Sub-micrometer Nanosecond LA-ICP-MS Imaging at Pixel Acquisition Rates above 250 Hz via a Low-Dispersion Setup
In this paper, the authors characterize the performance of a new low-dispersion laser ablation system, as demonstrated in ultra-fast and highest-resolution elemental imaging in combination with different ICPMS instruments, including the icpTOF 2R. Imaging rates of 300 pixels/s at 5 μm spatial resolution on a geological sample, and 100 pixels/s at 0.6 μm resolution on a biological sample are demonstrated.

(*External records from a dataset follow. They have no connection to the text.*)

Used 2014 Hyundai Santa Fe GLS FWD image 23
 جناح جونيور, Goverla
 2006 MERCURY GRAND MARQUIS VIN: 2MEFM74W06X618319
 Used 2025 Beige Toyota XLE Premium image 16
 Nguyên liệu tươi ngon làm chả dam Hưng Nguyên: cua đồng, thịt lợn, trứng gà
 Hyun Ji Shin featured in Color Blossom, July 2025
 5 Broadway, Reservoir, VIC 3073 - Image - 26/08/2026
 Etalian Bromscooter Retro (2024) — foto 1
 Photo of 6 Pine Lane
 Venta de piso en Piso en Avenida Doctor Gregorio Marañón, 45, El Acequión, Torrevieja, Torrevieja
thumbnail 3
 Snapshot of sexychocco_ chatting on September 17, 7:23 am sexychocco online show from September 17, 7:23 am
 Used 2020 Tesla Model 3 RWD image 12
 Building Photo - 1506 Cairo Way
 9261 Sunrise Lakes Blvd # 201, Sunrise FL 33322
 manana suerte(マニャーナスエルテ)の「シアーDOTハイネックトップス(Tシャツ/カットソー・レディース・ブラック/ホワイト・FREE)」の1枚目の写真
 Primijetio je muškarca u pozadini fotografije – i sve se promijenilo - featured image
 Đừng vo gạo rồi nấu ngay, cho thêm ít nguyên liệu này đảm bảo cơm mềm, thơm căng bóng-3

The analytical figures of merit of a low-dispersion (ultrafast) ablation cell geometry within the Cobalt ablation chamber, integrated into a nanosecond laser ablation–inductively coupled plasma-mass spectrometer system, are reported. The system was investigated for its capability for fast high-resolution elemental imaging. A spot of 0.6 μm diameter was achieved on the sample surface by aperture imaging of a 10 μm pinhole. The resulting conical crater (0.6 μm ⌀ × 130 nm↓) morphology in a Au-coated glass target and carbon-coated silica wafer was characterized with atomic force microscopy. The Cobalt ablation chamber is based around a motorized height-adjustable tube cell, which allows modulating the sampling distance, i.e. the distance between the sample surface and the cell inlet, in a dynamic manner. This distance was observed to influence the single pulse response profile. The variation of the average signal intensity at multiple sample heights within a range of 0.5 mm was <3% RSD. Under optimum conditions, single pulse responses with a full width at 10% of the maximum peak intensity (FW0.1M) of ∼1 ms can be achieved for 238U upon ablation of NIST SRM612 glass, effectively opening the way to pixel acquisition rates up to 1 kHz. To demonstrate the potential of this technology, the elemental distribution of Zn in small intestine villi of mice subjected to a Zn-enriched diet was imaged using the 0.6 μm spot size, and rapid imaging of a zircon grain cross-section was performed.